### The data
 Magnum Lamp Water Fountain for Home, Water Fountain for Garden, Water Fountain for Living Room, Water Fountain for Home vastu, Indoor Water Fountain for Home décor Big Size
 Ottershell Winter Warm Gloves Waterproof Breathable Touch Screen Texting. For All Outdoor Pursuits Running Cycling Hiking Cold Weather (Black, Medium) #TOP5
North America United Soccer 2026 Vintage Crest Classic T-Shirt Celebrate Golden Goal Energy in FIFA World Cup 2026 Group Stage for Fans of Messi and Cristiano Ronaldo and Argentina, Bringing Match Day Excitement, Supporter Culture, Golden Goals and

* * *

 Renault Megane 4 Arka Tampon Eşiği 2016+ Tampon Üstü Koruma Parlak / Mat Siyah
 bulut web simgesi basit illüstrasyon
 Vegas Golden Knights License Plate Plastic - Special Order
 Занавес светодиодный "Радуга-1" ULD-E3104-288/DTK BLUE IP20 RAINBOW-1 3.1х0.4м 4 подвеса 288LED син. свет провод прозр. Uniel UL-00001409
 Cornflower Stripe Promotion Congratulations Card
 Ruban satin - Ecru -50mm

### What the task requires
Scan the lines above for the word "Golden". Return each one that has it.

### Solution
North America United Soccer 2026 Vintage Crest Classic T-Shirt Celebrate Golden Goal Energy in FIFA World Cup 2026 Group Stage for Fans of Messi and Cristiano Ronaldo and Argentina, Bringing Match Day Excitement, Supporter Culture, Golden Goals and
 Vegas Golden Knights License Plate Plastic - Special Order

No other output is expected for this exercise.